Khaldi reported his findings to the abbot of the local monastery who made a drink with the berries and discovered that it kept him alert for the long hours of evening prayer. The abbot shared his discovery with the other monks at the monastery knowledge of the energizing effects of the berries began to spread. Word moved east and coffee reached the Arabian peninsula and from began a journey across the globe.
The Arabs were the first, not only to cultivate coffee but also to begin its trade. By the fifteenth century, coffee was being grown in the Yemeni district of Arabia and by the sixteenth century it was known in Persia, Egypt, Syria and Turkey.
Coffee was not only drunk in homes but also in the many public coffee houses that appeared throughout the Near East that became ‘institutions’ of social life, providing entertainment and a place to listen to current affairs and the prevailing thought of the day.
By the 17th century, coffee had made its way to Europe and was becoming popular across the continent. With the coming of coffee to Venice in 1615, the local clergy condemned it. The controversy was so great that Pope Clement VIII was asked to intervene. Before making a decision however, he decided to taste the beverage for himself. He found the drink so satisfying that he gave it Papal approval.
In the major cities of England, Austria, France, Germany and Holland, coffee houses were quickly becoming centres of social activity In England ‘penny universities’ sprang up, so called because for the price of a penny one could purchase a cup of coffee and engage in stimulating conversation. By the mid-17th century, there were over 300 coffee houses in London, many of which attracted patrons with common interests, such as merchants, shippers, brokers and artists.

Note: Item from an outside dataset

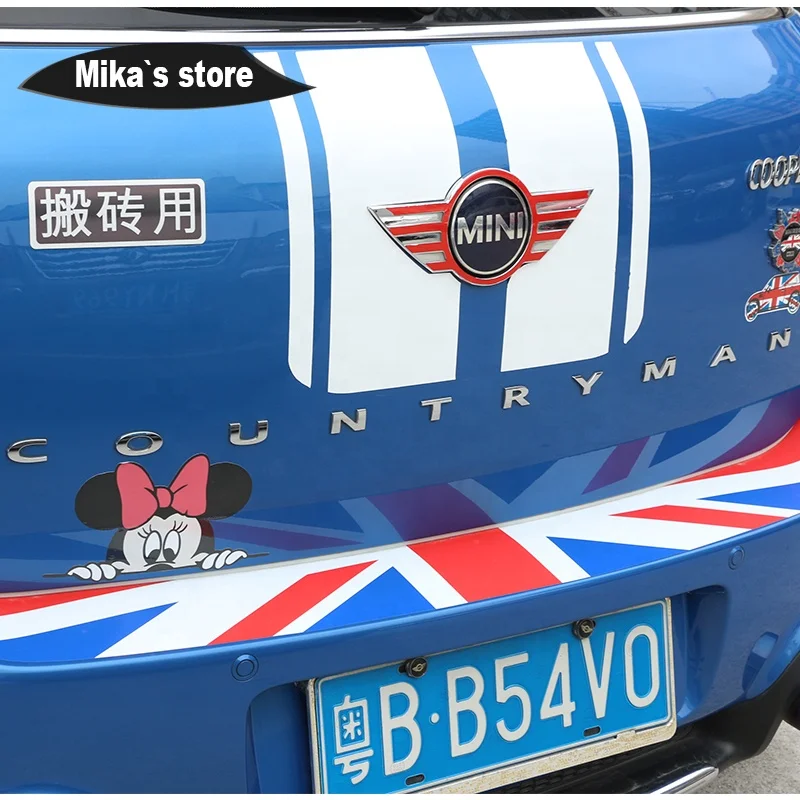 Металлическая Эмблема на заднюю крышку автомобиля для Mini Cooper All Series One S JCW 3D Countryman эмблема значок Логотип наклейка крышка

In the mid-1600’s, coffee was brought to New Amsterdam, a location later called New York by the British.Though coffee houses rapidly began to appear, tea continued to be the favoured drink in the New World until 1773 when the revolt, known as the Boston Tea Party, would forever change the American drinking preference to coffee.
In only 100 years, coffee had established itself as a commodity crop throughout the world. Missionaries and travellers, traders and colonists continued to carry coffee seeds to new lands and coffee trees were planted worldwide. Plantations were established in magnificent tropical forests and on rugged mountain highlands. Some crops flourished, while others were short-lived. Fortunes were made and lost. And by the end of the 18th century, coffee had become one of the world’s most profitable export crops.
Today coffee is grown in a multitude of countries around the world. Whether it is Asia or Africa, Central or South America, the islands of the Caribbean or Pacific, all can trace their heritage to the trees in the ancient coffee forests on the Ethiopian plateau.